Research on the practical usage of information and communication technologies for development suggests that Big Data technology can make significant contributions but also presents unique challenges to international growth. Advancements in Big Data analysis offers cost-effective opportunities to improve decision-making. This is particularly true in critical development areas such as health care, employment, economic productivity, crime, security, and natural disaster and resource management. Additionally, user-generated data offers new opportunities to give the unheard a voice. However, longstanding challenges for developing regions such as inadequate technological infrastructure and economic and human resource scarcity exacerbate existing concerns with Big Data such as privacy, flawed methodology, and interoperability issues.

 

  • Manufacturing

Based on TCS 2013 Global Trend Study, improvements in supply planning and product quality provide the most significant benefit of big data for manufacturing. Big data provides an infrastructure for transparency in the manufacturing industry, which can unravel uncertainties such as inconsistent component performance and availability. Predictive manufacturing as a practical approach toward near-zero downtime and transparency requires a vast amount of data and advanced prediction tools to process data into useful information systematically. A conceptual framework of predictive manufacturing begins with data acquisition. Different types of sensory data are available to acquire, such as acoustics, vibration, pressure, current, and voltage and controller data. The vast amount of sensory data, in addition to historical data construct the Big data in manufacturing. The generated Big Data acts as the input into predictive tools and preventive strategies such as Prognostics and Health Management (PHM).

 

  • Healthcare

Big Data analytics has helped healthcare improve by providing personalized medicine and prescriptive analytics, clinical risk intervention and predictive analytics, waste and care variability reduction, automated external and internal reporting of patient data, standardized medical terms, and patient registries and fragmented point solutions. Some areas of improvement are more aspirational than implemented. The level of data generated within healthcare systems is not trivial. With the added adoption of mhealth, eHealth, and wearable technologies, the volume of data will continue to increase. This includes electronic health record data, imaging data, patient-generated data, sensor data, and other forms of difficult-to-process data.
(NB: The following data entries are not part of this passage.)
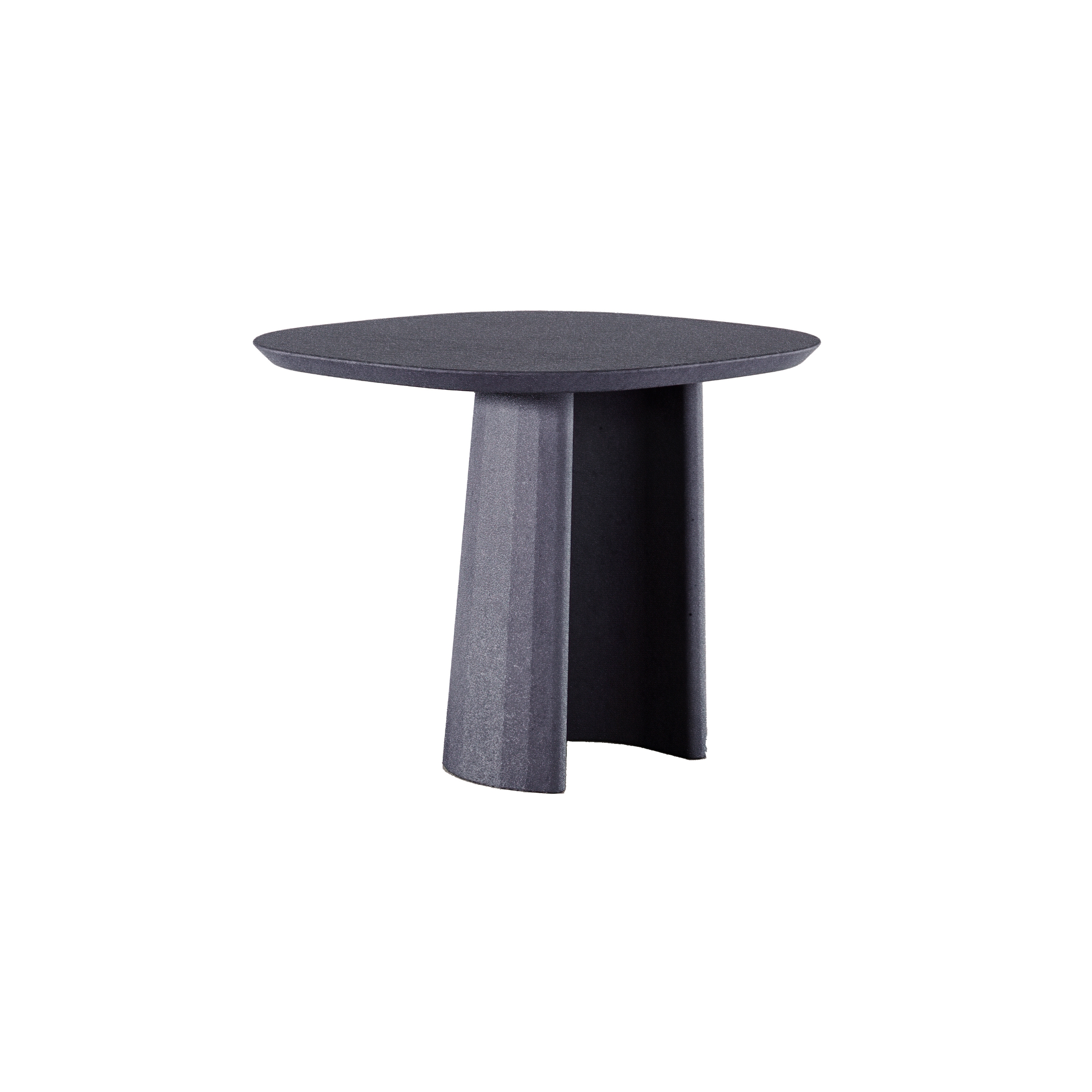 Fusto Coffee Table I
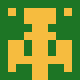 LALM Knowledge Editing's profile picture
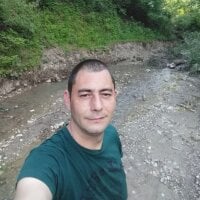 Alupigus82's Profile Photo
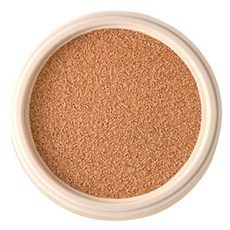 아이오페 슈퍼바이탈 EX 쿠션 파운데이션 리필 16g, 23 NATURAL BEIGE, 1개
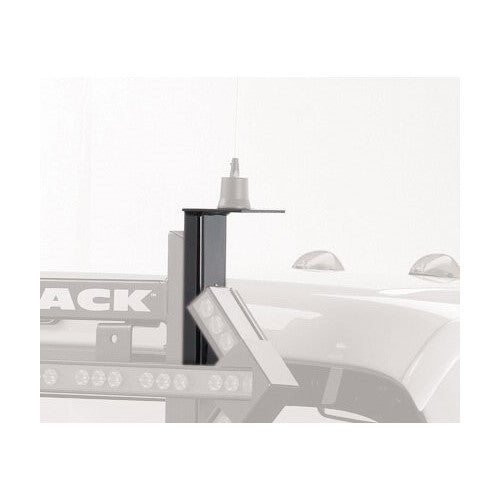Backrack 91008 Antenna Mounting Bracket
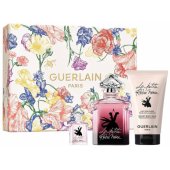 _7554602 Guerlain La Petite Robe Noire Intense dovanų rinkinys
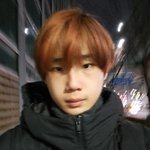 나 학교에서 젤 잘생겼었음 <b>인증</b>o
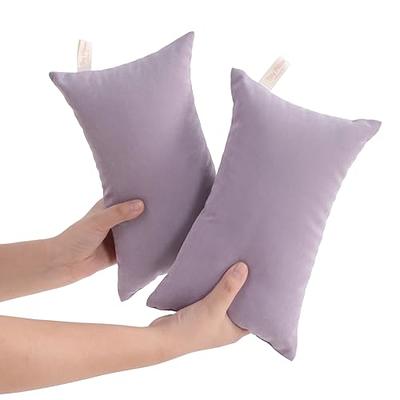  Wepop 40 in 3D Simulation Bread Shape Pillow Soft Lumbar  Baguette Back Cushion Funny Food Plush Stuffed Toy : Toys & Games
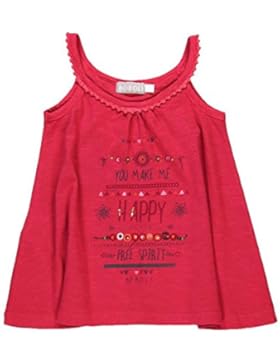Boboli Jungen T-Shirt Camiseta Punto Flame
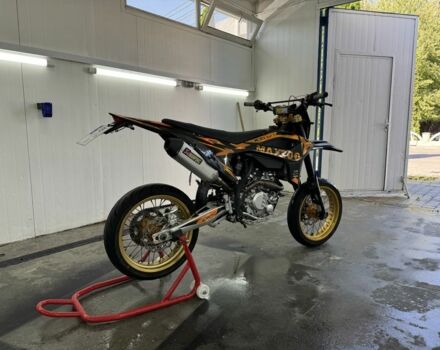 Kovi Другая, объемом двигателя 0.3 л и пробегом 0 тыс. км за 2350 $, фото 2 на Automoto.ua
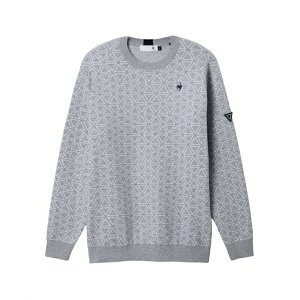 yZ[ 10%OFFzle coq sportif RbNX|eBt Y StEFA Z[^[ gCAOZ[^[ LG5FST80M 25FW H~ ShJ WJ[hZ[^[ by 􂢉\ M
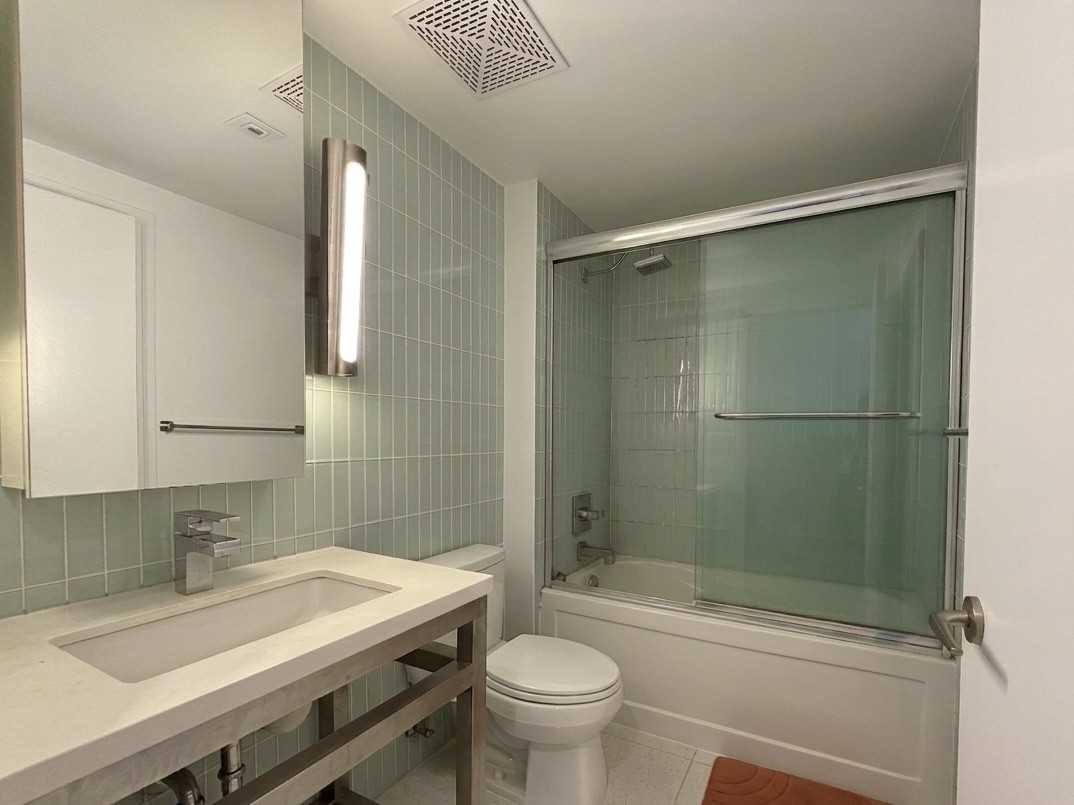 80 John Street #3404 - Photo 5 of 17
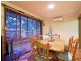 17 Capricorn Drive, Cleveland QLD 4163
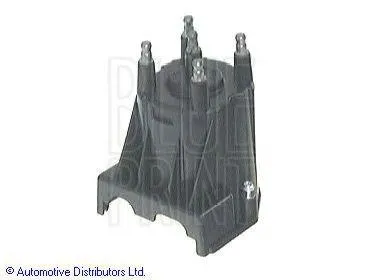 BLUE PRINT ADG01423 крышка распр. зажигания Daewoo Nexia Espero 1.5 DOHC 94>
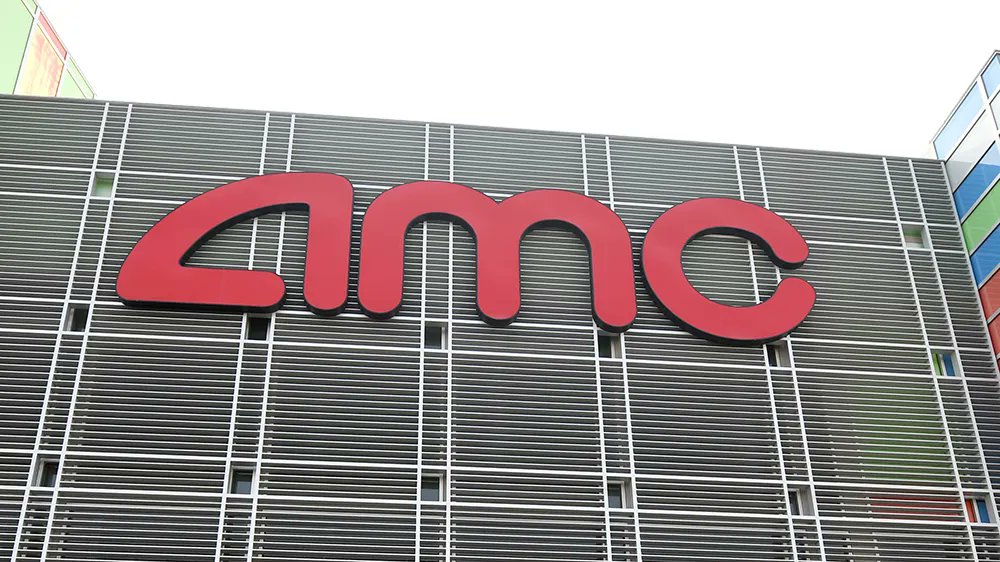 AMC oferece ingressos e pipoca com 50% de desconto duas vezes por semana nos EUA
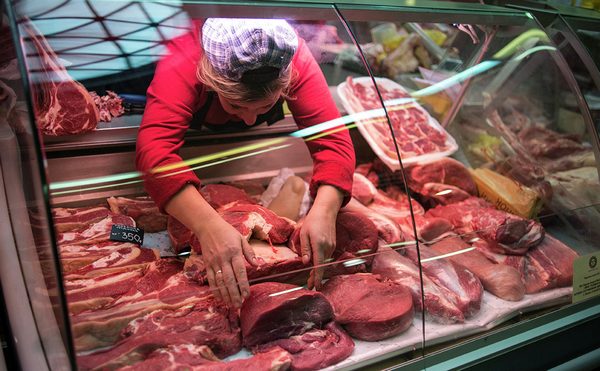 rossiya-zapretila-krupnejshemu-importeru-postavki-svininy-i-govyadiny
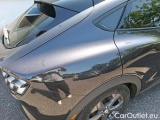 Ford  Mustang BEV 99KWH 294PS AUTO EXTENDED RANGE #43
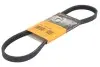 Ремень генератора BMW 1 (E87)/3 (E90) 04-11 CONTINENTAL 4PK830 ELAST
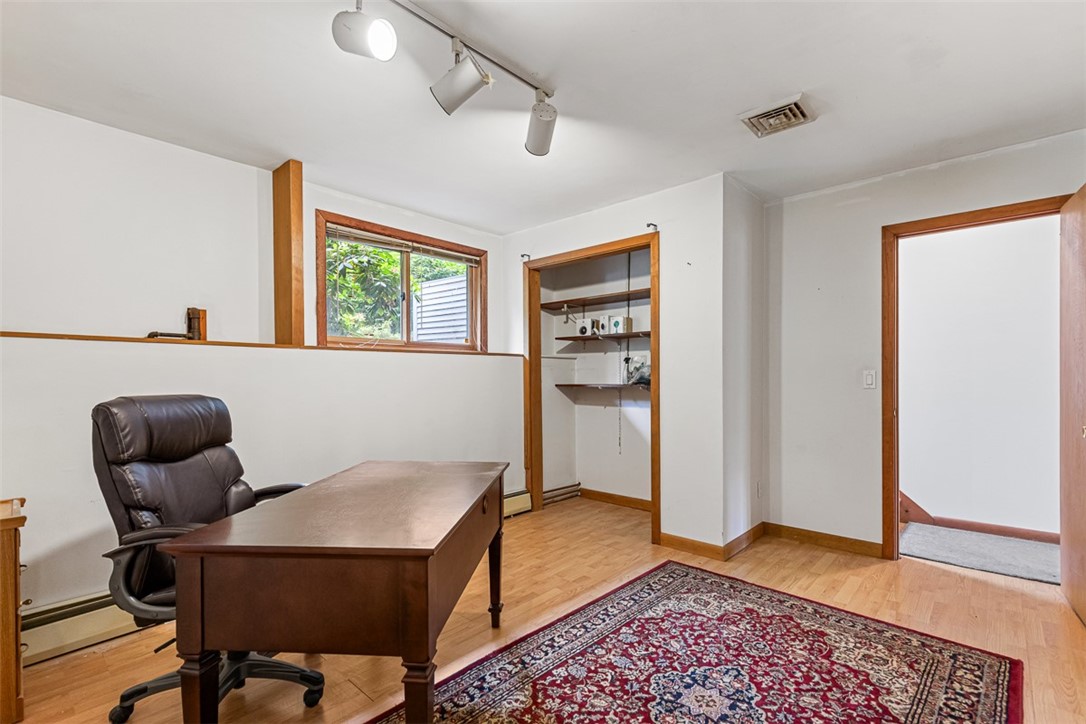 12 Silver Street Warwick, RI 02889 - Photo 20 of 50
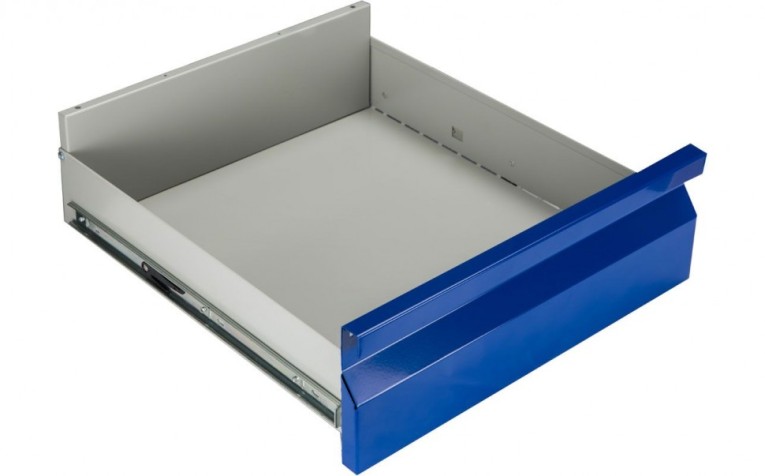 TC ящик выдвижной малый TCF 42x45 купить в Казани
There is now an even greater need for such environments to pay greater attention to data and information quality education.

 

  • Media

To understand how the media utilizes Big Data, it is first necessary to provide some context into the mechanism used for media process. Media and advertising approach Big Data as many actionable points of information about millions of individuals. The industry appears to be moving away from the traditional approach of using specific media environments such as newspapers, magazines, or television shows and instead taps into consumers with technologies that reach targeted people at optimal times in optimal locations. The ultimate aim is to serve or convey a message or content (statistically speaking) in line with the consumer’s mindset. For example, publishing environments are increasingly tailoring messages (advertisements) and content (articles) to appeal to consumers that have been exclusively gleaned through various data-mining activities.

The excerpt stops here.